§ **Your goal**:
Starting at the first line of the listing below and ending at the line with "Ковры для гостиной, Европейский", copy each line exactly.

Segment Start: Provided data

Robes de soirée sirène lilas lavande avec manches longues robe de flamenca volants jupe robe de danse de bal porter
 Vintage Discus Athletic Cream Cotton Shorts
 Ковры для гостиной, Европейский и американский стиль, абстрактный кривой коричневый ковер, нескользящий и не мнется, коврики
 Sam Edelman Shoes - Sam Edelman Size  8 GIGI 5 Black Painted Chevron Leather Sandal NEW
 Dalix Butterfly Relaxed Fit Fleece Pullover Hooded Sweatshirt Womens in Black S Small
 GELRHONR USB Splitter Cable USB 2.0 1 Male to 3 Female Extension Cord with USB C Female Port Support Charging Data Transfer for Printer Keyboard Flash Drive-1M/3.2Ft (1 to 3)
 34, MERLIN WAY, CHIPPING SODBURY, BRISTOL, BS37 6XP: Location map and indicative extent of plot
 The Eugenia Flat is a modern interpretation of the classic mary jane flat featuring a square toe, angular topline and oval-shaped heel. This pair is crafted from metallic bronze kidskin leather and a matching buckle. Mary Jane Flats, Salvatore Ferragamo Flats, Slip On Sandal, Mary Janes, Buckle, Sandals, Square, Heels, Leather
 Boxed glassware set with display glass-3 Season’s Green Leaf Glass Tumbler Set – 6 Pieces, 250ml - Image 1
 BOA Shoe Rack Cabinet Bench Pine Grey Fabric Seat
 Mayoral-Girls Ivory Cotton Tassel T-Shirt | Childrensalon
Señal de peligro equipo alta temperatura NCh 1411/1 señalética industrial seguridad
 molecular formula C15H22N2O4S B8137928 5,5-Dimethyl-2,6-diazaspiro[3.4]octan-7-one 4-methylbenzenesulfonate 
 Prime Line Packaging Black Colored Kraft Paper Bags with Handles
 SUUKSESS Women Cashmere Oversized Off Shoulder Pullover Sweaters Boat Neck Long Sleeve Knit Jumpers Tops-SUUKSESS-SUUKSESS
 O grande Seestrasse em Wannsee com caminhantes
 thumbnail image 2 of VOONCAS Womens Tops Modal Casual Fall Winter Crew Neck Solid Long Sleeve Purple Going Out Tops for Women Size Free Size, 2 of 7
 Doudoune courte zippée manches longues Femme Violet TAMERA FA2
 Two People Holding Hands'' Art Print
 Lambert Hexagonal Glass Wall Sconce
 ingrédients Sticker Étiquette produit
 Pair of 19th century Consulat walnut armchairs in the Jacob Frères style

Segment End: Provided data

§ **Problem solution**:
Robes de soirée sirène lilas lavande avec manches longues robe de flamenca volants jupe robe de danse de bal porter
 Vintage Discus Athletic Cream Cotton Shorts
 Ковры для гостиной, Европейский и американский стиль, абстрактный кривой коричневый ковер, нескользящий и не мнется, коврики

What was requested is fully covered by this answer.